Sputnik Sweetheart - Haruki Murakami

This is the second of Murakami's books that I've read, and I was a little more prepared this time. I picked up on some similiarities between this one and The Wind-up Bird Chronicle. Murakami's books are a bit dream-like, with mysterious characters with surprising amounts of influence; people vanish inexplicably; motivations are hard to determine. But the most notable aspect is that things don't resolve the way you might expect from other novels. If somebody hints at a life-changing experience in their past, you can't count on finding out what it was. If somebody disappears, they may turn up ... or not. You never know.

As in a dream, the individual pieces of a scene seem real, but taken on the whole there's something wrong about it that you can't quite place. It's unsettling, and as you read you realize that there's not enough pages left in the book for him to answer all the questions you still have.
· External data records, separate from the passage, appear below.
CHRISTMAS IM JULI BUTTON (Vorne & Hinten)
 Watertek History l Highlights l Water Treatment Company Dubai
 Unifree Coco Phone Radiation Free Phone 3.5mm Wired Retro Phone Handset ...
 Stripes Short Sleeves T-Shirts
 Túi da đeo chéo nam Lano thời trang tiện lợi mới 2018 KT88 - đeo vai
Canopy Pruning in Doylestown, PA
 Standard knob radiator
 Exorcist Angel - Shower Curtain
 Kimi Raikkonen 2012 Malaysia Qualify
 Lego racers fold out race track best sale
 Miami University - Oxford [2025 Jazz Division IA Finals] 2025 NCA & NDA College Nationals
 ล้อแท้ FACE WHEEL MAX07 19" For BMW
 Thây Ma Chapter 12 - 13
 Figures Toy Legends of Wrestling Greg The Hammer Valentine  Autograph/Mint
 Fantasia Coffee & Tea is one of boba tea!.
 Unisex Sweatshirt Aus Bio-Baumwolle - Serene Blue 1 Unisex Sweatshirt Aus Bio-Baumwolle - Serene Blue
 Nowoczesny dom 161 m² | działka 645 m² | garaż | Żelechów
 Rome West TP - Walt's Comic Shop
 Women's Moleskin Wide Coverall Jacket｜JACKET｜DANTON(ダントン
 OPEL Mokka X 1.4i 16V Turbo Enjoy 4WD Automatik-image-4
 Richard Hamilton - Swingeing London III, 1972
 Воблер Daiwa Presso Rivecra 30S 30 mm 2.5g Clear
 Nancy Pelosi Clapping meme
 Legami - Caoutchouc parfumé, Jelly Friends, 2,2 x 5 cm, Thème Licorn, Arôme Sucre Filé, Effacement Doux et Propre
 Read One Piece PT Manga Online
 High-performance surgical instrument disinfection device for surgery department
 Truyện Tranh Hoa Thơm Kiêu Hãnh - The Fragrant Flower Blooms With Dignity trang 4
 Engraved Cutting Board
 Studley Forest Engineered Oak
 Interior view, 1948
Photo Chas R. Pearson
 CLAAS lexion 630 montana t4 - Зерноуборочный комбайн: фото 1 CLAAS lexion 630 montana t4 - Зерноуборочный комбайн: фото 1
As with his last book, this book also got me wondering about translations, since it was originally written in Japanese and translated by Philip Gabriel. What is the book like in its original language? Are there things that don't come across properly? One of the main characters is named Sumire, which means Violet in Japanese: did they have to explain that in Japanese? Or was she named "Violet" in the original?

Murakami is definitely a wonderful writer and a creative storyteller, but I'm still not entirely sure if I like him. If you want to be unsettled and disturbed, check this book out. If you like your nice, neat resolutions for your books, better pass on this one.